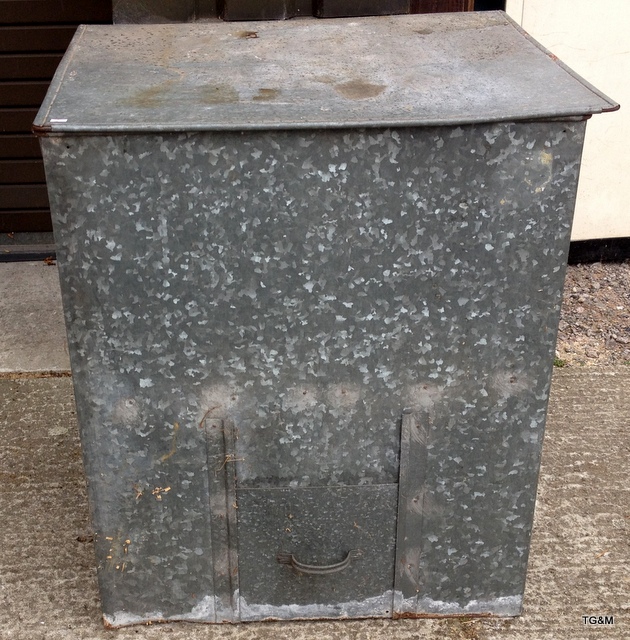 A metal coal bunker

* * *

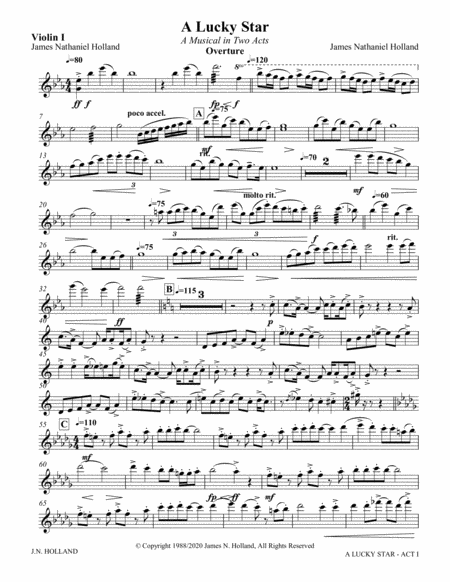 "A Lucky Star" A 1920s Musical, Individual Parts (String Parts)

--

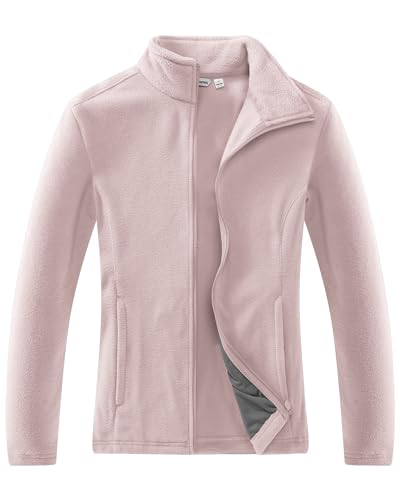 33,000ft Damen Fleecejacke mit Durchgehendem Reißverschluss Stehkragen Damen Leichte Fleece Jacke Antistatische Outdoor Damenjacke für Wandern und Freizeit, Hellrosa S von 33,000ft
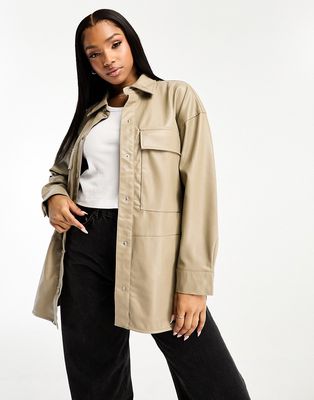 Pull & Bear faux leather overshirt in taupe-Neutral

■ **Directions for this task**
Would you set down only the lines above from the line with "33,000ft Damen Fleecejacke" to the line with "Pull & Bear", both included, exactly as they stand and without the pictures?

■ **Answer section**
 33,000ft Damen Fleecejacke mit Durchgehendem Reißverschluss Stehkragen Damen Leichte Fleece Jacke Antistatische Outdoor Damenjacke für Wandern und Freizeit, Hellrosa S von 33,000ft
 Pull & Bear faux leather overshirt in taupe-Neutral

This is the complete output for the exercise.